上場1カ月後の14年4月、14年3月期の決算見通しを引き下げた。つまり上場直後に決算を下方修正したのだ。さらに同年10月15日には15年3月期の決算見通しについて、増益から一転100億円の最終赤字に下方修正した。上場後の業績予想下方修正は2度に及び、株式市場からは批判が浴びせられた。
そもそもJDIの発足当初から、大塚社長の経営手腕には疑問符が投げかけられていた。大塚氏は米テキサス・インスツルメンツ(TI)の工場長や、ソニーのシステムデバイスカンパニープレジデントを務め、TI時代の先輩であるエルピーダメモリ(現マイクロンメモリジャパン)の坂本幸雄社長(当時)に誘われ同社に転じた。坂本氏の側近として日本唯一のDRAM専業メーカーの最高執行責任者(COO)に上り詰めた。だが、エルピーダは12年2月、会社更生法を申請して倒産した。
業界に通じていることを買われて大塚氏はJDIの社長に就任したため、「JDIはエルピーダの二の舞いになるのではないか、と冷ややかに見られていた」(市場筋)。そしてJDIは業績下方修正を繰り返し、市場の信頼を失った。
赤字転落
JDIの15年3月期の連結決算の売上高は前期比25%増の7693億円、営業利益は81%減の51億円(前期は276億円の黒字)、最終損益は122億円の赤字(同339億円の黒字)となった。中国のスマホ向け市場が拡大したことで増収になったが、競争激化による液晶価格の下落や埼玉県・深谷工場の閉鎖に伴う損失計上が響いた。期初には268億円の最終黒字を予想していたが、一転して巨額な赤字に転落した。
JDIの売り上げの8割はスマホ向け。韓国サムスンディスプレイが中小型高精細液晶を中国で年間数千万枚単位で外販する計画を打ち出しているため、「今後1年間で(液晶価格は)2割程度下がる」とアナリストは見ている。中国経済は明らかに減速しており、JDIの思惑通り売り上げが推移するかどうかは不透明だ。
JDIは液晶市場の需要変動が激しいことから、16年3月期から年間業績予想の開示を見送ることにした。ただ、辞任する大塚社長は「連結売上高1兆円は見えてきた」と強気の発言を5月13日の決算発表でした。唯一、公表した数字は15年4~6月の第1四半期の営業利益で20億円という予想。7月以降は「四半期ごとに100億円規模の利益を出せる」(西康宏執行役員)とし、期末に初の配当を実施する考えだという。

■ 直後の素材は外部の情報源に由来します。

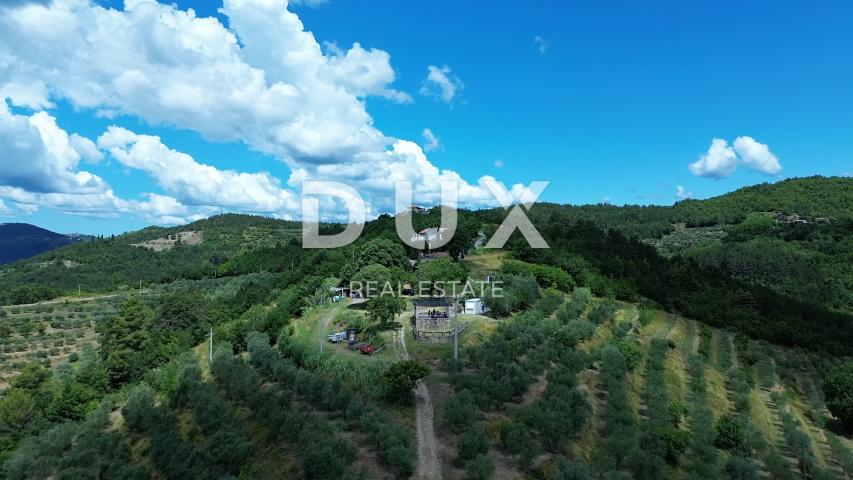 ISTRA, MOTOVUN - Veliko imanje od 170.000 m2, najljepši pogled u Istri - jezero Butoniga, Učka, Ćića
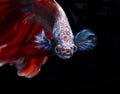 Beautiful red and blue siamese fighting fish, betta fish isolated on Black background.Crown tail Betta in Thailand Royalty Free Stock Photo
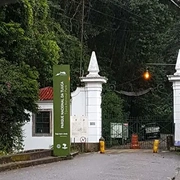 Floresta da Tijuca Tour Guiado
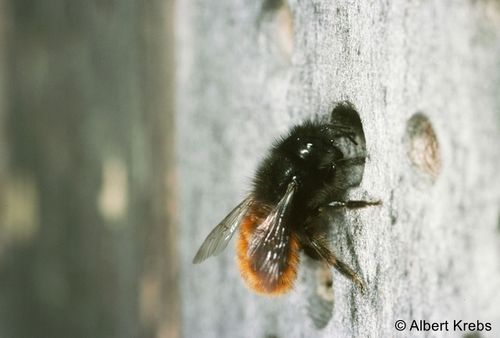 AK 09781 Osmia cornuta AlbertKrebs zg 96 dpi.jpg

だが、この第1四半期の予想に関しても、外資系証券会社アナリストは「見栄えが悪い」と辛口の評価を下している。
今後の成長を占うカギ
調査会社ディスプレイサーチの調査によると、14年の中小型液晶パネルの世界シェアトップ3は韓国LGディスプレー(18.1%)、JDI(16.0%)、シャープ(15.6%)。中小型液晶業界は中国勢、台湾勢が台頭してきており、乱売合戦が激しい。